Sifting Through The Swine Flu Hysteria
Every year, the WHO estimates that seasonal influenza typically infects anywhere from three to five million people severely with a death count of some 250,000 to 500,000 deaths worldwide.
The panic around pandemics and the money behind them
By Victoria Chau, Staff Writer
By July of 2009, the World Health Organization (WHO) declared the outbreak of swine flu H1N1 a pandemic. This was amidst a worldwide panic as the WHO continuously provided updates as to the seriousness of this new flu strain. Swine flu was deemed a pandemic after 332 deaths and the confirmation of less than 80,000 cases of swine flu around the globe.
Where, oh where, did the first piggy come from?
Back in 2005, during November, a Wisconsin teenager helped his brother-in-law butcher 31 pigs for a nearby slaughterhouse. That same teenage boy spent his Thanksgiving with his family who had purchased a chicken and decided to keep the animal in the house because of the cold weather. As December rolled around, he suffered from a flu that lasted three days, went to see a doctor, recovered, and went home. A very typical story, with nothing unusual, except for the fact that the influenza virus that the boy suffered from was very different from the seasonal flu. It was a combination of wild-bird flu, a human strain of flu, and a strand from pigs.

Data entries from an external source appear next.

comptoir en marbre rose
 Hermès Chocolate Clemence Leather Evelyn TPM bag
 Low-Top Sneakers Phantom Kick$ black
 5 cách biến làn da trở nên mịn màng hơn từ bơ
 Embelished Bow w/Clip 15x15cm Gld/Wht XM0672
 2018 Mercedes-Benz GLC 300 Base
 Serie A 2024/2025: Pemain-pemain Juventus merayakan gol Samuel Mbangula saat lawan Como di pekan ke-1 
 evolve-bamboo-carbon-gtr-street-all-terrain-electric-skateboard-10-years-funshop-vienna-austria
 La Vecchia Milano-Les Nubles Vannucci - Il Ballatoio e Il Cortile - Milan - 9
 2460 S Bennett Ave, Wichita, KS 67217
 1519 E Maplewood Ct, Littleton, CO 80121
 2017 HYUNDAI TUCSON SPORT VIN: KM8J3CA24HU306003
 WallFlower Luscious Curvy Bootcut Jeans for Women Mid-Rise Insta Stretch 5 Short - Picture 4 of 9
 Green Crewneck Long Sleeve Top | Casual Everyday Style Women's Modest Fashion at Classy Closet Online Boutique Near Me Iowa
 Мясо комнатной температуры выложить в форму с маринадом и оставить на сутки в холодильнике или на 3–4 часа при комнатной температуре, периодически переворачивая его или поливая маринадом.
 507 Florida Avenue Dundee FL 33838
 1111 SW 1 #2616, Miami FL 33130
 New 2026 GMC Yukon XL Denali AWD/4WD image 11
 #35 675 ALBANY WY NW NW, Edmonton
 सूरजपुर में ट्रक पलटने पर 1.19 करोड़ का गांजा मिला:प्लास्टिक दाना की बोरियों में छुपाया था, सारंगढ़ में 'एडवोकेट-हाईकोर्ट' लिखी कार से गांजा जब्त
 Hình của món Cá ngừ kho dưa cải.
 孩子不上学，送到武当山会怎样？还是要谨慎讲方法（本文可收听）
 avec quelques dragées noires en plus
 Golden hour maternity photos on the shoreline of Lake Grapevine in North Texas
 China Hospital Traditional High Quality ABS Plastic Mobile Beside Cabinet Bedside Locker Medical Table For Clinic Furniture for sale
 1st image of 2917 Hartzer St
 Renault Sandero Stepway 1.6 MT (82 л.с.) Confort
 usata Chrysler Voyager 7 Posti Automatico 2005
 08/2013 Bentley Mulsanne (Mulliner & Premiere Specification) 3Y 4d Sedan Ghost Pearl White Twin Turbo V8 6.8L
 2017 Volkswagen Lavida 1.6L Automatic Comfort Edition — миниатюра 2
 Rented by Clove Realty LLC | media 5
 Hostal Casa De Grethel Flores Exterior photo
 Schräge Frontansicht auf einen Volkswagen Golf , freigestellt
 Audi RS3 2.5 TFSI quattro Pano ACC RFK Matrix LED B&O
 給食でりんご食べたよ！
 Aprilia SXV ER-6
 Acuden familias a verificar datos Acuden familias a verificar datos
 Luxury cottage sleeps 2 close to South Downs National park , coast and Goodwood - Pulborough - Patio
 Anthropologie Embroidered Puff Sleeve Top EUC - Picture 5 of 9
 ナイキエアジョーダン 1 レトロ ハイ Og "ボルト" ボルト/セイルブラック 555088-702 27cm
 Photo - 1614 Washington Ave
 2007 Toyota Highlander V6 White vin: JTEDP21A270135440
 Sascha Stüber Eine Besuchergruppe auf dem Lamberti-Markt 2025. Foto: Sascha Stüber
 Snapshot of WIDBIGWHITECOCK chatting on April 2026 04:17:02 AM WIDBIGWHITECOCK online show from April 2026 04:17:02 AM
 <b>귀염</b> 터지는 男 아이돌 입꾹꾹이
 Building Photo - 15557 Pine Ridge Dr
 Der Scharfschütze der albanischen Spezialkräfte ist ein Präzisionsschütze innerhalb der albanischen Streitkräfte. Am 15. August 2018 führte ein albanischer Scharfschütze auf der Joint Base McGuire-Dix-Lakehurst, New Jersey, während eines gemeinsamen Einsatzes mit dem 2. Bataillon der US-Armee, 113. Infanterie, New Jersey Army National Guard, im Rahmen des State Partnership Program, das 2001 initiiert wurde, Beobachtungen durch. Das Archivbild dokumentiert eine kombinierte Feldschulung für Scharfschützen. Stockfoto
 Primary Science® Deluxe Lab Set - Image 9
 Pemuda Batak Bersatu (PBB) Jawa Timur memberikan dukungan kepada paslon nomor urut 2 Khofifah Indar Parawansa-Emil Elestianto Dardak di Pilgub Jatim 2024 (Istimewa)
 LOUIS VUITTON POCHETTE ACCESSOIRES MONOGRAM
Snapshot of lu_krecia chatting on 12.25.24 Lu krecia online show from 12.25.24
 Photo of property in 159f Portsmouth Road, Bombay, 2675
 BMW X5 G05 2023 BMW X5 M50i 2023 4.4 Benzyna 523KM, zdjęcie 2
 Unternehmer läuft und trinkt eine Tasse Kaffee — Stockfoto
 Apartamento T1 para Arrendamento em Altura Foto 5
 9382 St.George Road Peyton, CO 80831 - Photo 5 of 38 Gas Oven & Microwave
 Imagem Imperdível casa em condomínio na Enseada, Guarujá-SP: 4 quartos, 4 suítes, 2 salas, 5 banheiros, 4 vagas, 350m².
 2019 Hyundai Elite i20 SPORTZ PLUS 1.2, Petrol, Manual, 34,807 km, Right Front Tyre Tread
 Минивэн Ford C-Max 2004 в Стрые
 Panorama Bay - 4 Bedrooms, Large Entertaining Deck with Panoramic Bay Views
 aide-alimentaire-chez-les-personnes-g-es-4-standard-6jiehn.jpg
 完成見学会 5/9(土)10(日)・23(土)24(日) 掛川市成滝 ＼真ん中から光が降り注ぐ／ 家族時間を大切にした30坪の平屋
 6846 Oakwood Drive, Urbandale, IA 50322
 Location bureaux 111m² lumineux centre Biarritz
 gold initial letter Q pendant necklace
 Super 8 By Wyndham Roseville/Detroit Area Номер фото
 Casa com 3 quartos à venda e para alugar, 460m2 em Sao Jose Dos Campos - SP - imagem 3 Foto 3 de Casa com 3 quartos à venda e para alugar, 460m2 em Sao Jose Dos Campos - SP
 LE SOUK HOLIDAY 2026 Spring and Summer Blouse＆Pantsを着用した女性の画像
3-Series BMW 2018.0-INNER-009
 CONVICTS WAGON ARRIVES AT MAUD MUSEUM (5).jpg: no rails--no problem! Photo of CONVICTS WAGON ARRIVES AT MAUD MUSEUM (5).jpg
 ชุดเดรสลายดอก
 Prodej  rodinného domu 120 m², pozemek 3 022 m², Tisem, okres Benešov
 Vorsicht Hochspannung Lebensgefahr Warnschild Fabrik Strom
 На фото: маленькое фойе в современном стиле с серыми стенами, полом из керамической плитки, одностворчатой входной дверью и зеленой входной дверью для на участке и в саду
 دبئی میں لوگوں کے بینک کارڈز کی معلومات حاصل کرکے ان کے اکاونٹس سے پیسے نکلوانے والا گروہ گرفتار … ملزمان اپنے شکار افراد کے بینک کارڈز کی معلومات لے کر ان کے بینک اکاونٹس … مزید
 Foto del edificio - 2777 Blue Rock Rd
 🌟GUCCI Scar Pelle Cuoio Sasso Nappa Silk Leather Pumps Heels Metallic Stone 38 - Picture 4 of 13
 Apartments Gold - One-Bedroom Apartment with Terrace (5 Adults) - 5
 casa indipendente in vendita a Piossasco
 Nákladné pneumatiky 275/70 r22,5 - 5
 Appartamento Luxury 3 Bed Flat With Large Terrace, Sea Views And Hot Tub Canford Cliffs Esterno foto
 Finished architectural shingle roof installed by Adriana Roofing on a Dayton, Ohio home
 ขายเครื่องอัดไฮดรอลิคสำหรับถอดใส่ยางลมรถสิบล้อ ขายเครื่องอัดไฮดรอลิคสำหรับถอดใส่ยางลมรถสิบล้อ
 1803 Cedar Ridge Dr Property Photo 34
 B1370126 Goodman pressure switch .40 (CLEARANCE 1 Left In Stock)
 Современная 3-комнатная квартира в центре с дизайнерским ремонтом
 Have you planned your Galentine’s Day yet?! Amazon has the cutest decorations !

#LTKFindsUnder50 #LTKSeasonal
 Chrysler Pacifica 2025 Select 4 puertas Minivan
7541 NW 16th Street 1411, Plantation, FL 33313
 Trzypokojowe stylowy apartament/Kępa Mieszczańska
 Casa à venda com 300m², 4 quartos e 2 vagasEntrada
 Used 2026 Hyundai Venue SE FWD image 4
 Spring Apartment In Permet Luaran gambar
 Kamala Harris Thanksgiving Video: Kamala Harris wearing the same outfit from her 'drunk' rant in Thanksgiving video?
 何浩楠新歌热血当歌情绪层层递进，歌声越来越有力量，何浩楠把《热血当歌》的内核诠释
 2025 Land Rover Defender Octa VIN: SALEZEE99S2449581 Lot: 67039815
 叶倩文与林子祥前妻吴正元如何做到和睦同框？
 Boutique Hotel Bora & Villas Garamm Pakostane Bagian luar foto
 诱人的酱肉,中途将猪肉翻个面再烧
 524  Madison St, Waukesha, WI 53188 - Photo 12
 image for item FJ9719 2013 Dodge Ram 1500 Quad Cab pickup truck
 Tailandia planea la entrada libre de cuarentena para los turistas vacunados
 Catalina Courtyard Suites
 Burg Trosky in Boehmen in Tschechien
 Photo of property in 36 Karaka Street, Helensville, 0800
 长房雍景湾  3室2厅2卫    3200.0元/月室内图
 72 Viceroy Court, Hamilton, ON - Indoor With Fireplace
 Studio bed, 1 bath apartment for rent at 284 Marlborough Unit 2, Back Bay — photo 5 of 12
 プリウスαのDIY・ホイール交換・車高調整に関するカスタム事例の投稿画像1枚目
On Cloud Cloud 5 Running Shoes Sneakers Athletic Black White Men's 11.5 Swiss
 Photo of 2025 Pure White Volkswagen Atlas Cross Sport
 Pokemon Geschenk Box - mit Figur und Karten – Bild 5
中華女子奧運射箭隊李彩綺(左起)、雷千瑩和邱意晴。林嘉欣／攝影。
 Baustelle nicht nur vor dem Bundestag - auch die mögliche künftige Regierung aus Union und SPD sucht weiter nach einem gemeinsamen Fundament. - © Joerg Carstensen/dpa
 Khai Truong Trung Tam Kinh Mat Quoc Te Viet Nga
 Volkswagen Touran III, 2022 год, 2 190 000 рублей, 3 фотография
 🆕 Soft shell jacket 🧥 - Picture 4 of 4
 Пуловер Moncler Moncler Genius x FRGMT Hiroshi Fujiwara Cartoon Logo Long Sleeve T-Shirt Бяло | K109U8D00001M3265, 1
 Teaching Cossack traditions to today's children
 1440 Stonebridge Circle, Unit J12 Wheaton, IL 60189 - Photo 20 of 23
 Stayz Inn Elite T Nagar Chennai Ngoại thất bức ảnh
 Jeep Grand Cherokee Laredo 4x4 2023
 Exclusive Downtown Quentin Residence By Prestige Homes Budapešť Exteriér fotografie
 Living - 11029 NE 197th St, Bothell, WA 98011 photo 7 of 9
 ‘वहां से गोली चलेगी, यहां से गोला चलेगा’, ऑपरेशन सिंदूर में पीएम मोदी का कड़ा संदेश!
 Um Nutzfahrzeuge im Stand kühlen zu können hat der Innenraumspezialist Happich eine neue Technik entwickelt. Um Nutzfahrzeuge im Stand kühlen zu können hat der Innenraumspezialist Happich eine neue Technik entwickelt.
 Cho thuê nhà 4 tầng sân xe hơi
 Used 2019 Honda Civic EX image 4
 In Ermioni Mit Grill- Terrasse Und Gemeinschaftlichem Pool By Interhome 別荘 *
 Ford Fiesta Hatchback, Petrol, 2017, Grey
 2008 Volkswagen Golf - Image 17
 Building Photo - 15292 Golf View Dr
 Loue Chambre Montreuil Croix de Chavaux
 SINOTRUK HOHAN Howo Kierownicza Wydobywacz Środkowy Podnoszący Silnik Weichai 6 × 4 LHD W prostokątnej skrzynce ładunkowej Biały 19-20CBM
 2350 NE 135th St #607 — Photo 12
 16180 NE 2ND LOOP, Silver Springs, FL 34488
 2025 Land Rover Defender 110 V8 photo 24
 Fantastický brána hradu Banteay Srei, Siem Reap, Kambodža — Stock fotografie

That minor episode was part of the origin of the swine flu that began to garner international attention in April of 2009, when Mexico and the United States reported an “influenza-like illness” in some of their citizens. Many of these cases of influenza-like illnesses were confirmed through laboratory results to be identical in both Mexico and the United States. This obviously caused concern as it was becoming a major outbreak in Mexico, with a suspected death toll of around 65, the majority of which were healthy young adults.
Fear of the Swine
Much of the scare surrounding the swine flu was due to the fact that it was a new flu strain we hadn’t yet experienced which was attacking healthy age groups instead of only the elderly and the young. The WHO became especially concerned as its laboratories noted many genetic differences between this H1N1 strain and the seasonal influenza which was coupled with the ease that the swine flu spread geographically.
Another factor that increased both the WHO’s concern and the mass panic around the world was its difference in disease pattern from the seasonal flu. This H1N1 strain produced a severe form of pneumonia that, unlike the seasonal flu strain, seemed to be especially fatal. Within four months (April 2009 to July 2009), the WHO confirmed that swine flu had spread to over 120 countries. In this time the WHO had already declared a pandemic and was scrambling with governments to get vaccines available before the flu season of October-November began in the western hemisphere.
Among the panic that swine flu was spreading rapidly throughout the world was the fear that the H1N1 strain could also mutate, similar to the fears of avian flu (H5N1) evolving. A mutation would cause the H1N1 strain to become more dangerous by increasing the fatality rate among those infected.
The WHO was so convinced of a pandemic from the swine flu’s easy transferability from person to person and the potential for thousands of deaths, that the definition of a pandemic was actually changed so that swine flu would fit the parameters. Initially the WHO’s pandemic classification was for a disease that had “several, simultaneous epidemics worldwide with enormous numbers of deaths and illnesses.”
The swine flu of 2009 met the first part of the parameters but not the latter. The WHO altered its definition in the Pandemic Influenza Preparedness and Response (A WHO Guidance Document) of an influenza pandemic to “occur when an animal influenza virus to which most humans have no immunity acquires the ability to cause sustained chains of human-to-human transmission leading to community-wide outbreaks,” so that swine flu qualified as a pandemic. It goes to show that the WHO was so concerned or determined that H1N1 was a pandemic, that it worked with the results of the H1N1 cases to classify swine flu as one.